What to produce: Reproduce the whole listing below without its pictures, exactly as written.

Dataset section:
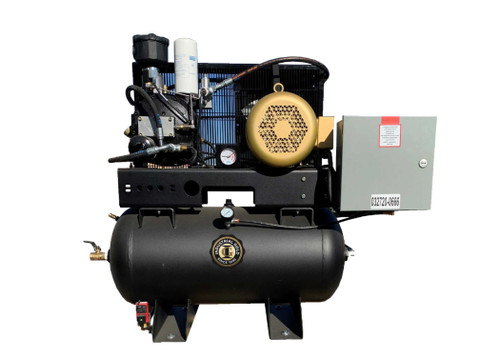 Industrial Gold R51H33-P 5HP 230 Volt Single Phase 30 Gallon Rotary Screw Air Compressor Industrial Gold R51H33-P 5HP 230 Volt Single Phase 30 Gallon Rotary Screw Air Compressor
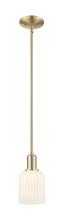Innovations Lighting 716-1S-CB-G559-5GWH - Bridal Veil - 1 Light - 6 inch - Champagne Bronze - Mini Pendant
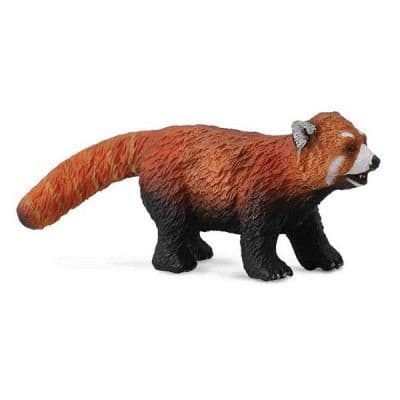 Röd pandafigur - Handmålad - 7,5 x 2,3 x 3,3 cm - Barn 3-9 år - Plast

Exercise answer:
 Industrial Gold R51H33-P 5HP 230 Volt Single Phase 30 Gallon Rotary Screw Air Compressor Industrial Gold R51H33-P 5HP 230 Volt Single Phase 30 Gallon Rotary Screw Air Compressor
Innovations Lighting 716-1S-CB-G559-5GWH - Bridal Veil - 1 Light - 6 inch - Champagne Bronze - Mini Pendant
 Röd pandafigur - Handmålad - 7,5 x 2,3 x 3,3 cm - Barn 3-9 år - Plast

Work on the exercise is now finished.